Your output must be the lines below from the line containing "Albie playing with" to the line containing "1, ENTERPRISE GROVE, PELSALL, WALSALL, WS3", both lines included, reproduced exactly and without pictures.

** Opening LISTED RECORDS block **

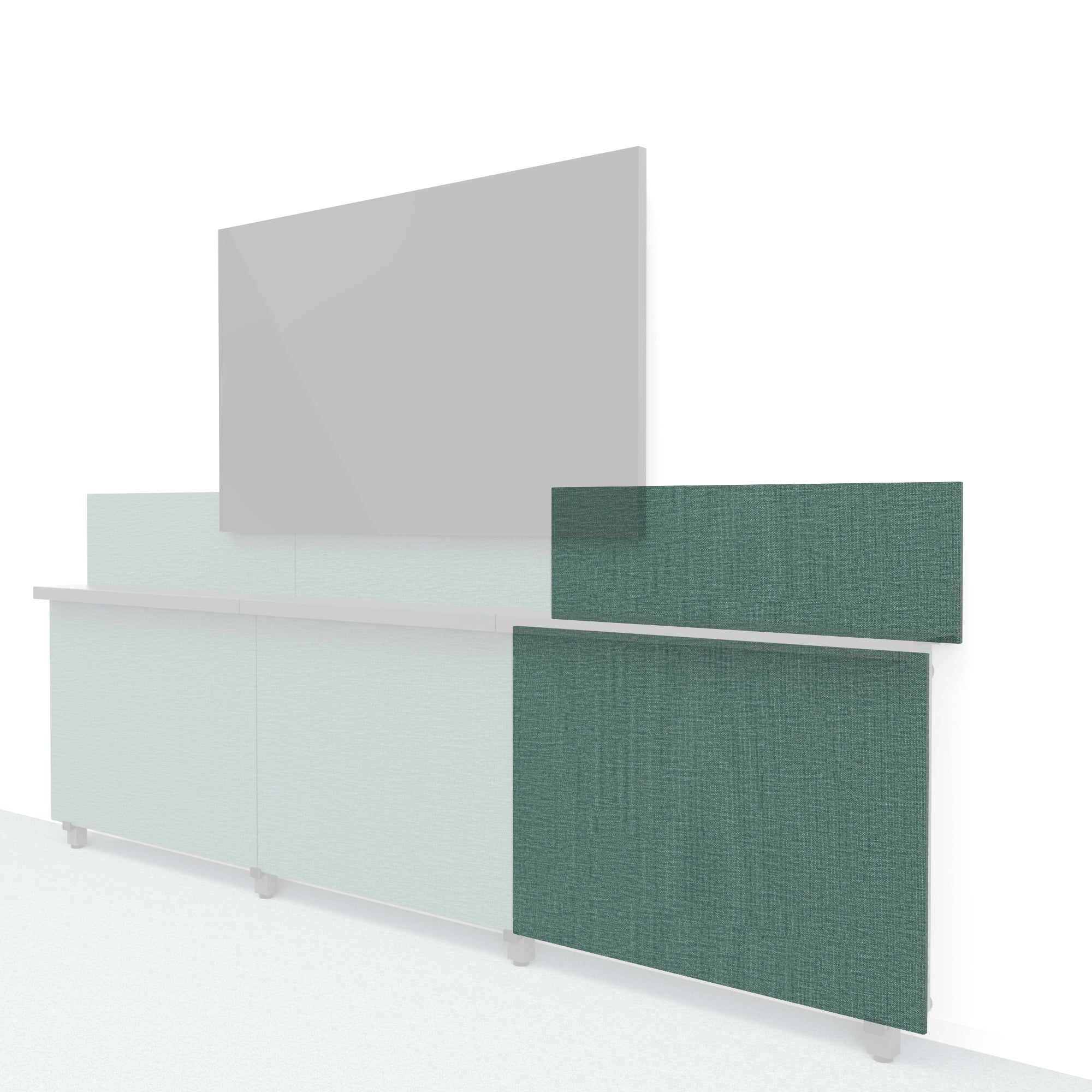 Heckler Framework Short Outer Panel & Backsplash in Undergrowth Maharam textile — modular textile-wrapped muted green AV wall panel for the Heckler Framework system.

** Closing LISTED RECORDS block **
** Opening LISTED RECORDS block **

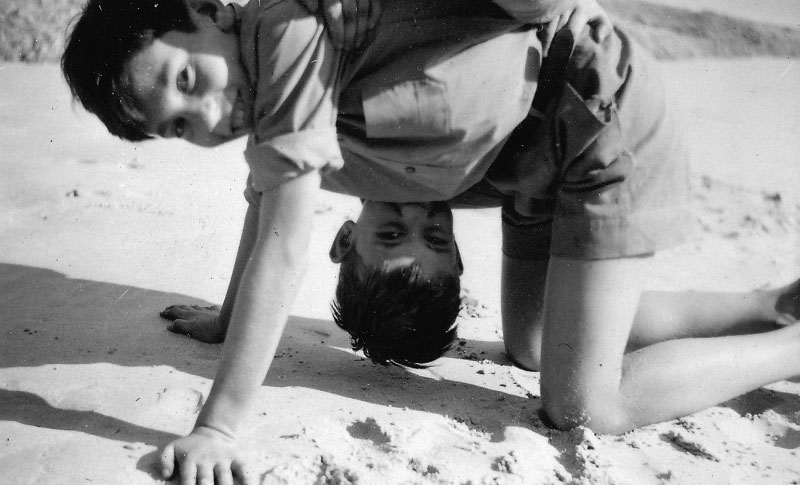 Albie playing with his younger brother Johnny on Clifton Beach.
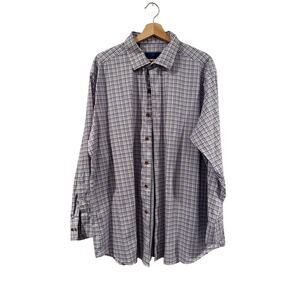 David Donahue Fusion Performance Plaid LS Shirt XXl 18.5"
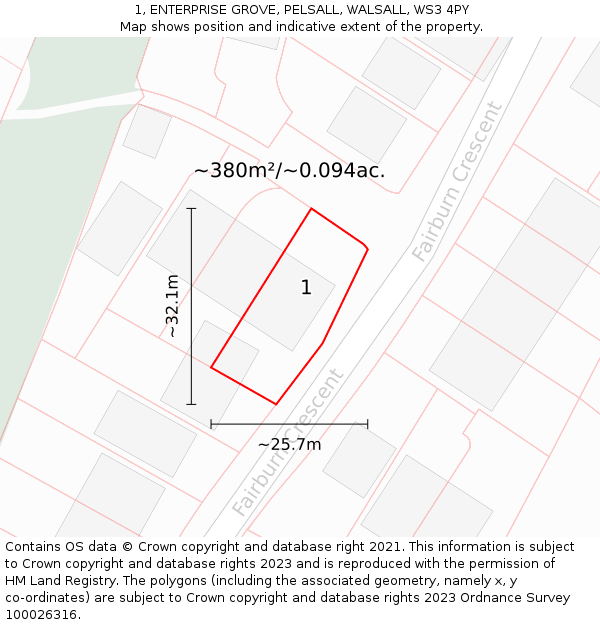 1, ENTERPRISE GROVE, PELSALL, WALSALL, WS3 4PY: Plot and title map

** Closing LISTED RECORDS block **
** Opening LISTED RECORDS block **

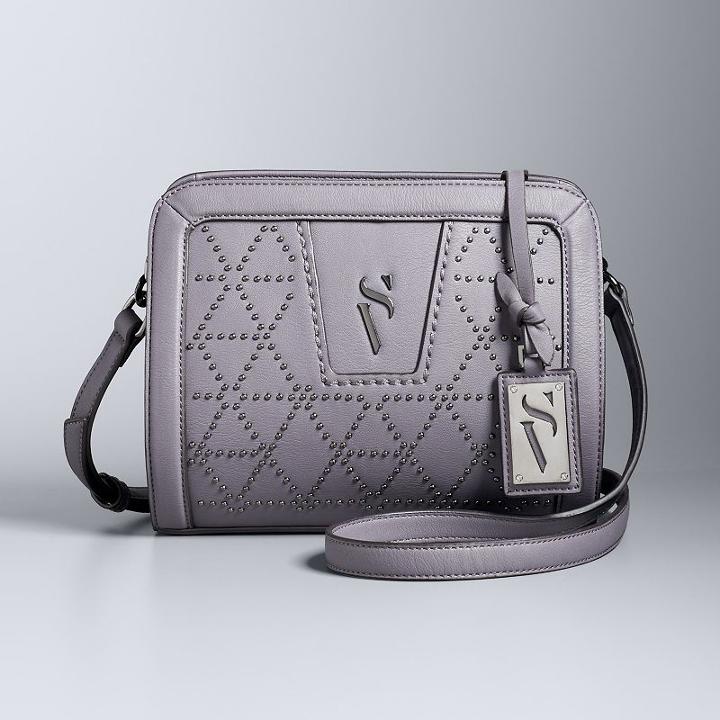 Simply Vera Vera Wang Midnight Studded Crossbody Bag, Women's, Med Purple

** Closing LISTED RECORDS block **

**RESULT:**
 Albie playing with his younger brother Johnny on Clifton Beach.
 David Donahue Fusion Performance Plaid LS Shirt XXl 18.5"
 1, ENTERPRISE GROVE, PELSALL, WALSALL, WS3 4PY: Plot and title map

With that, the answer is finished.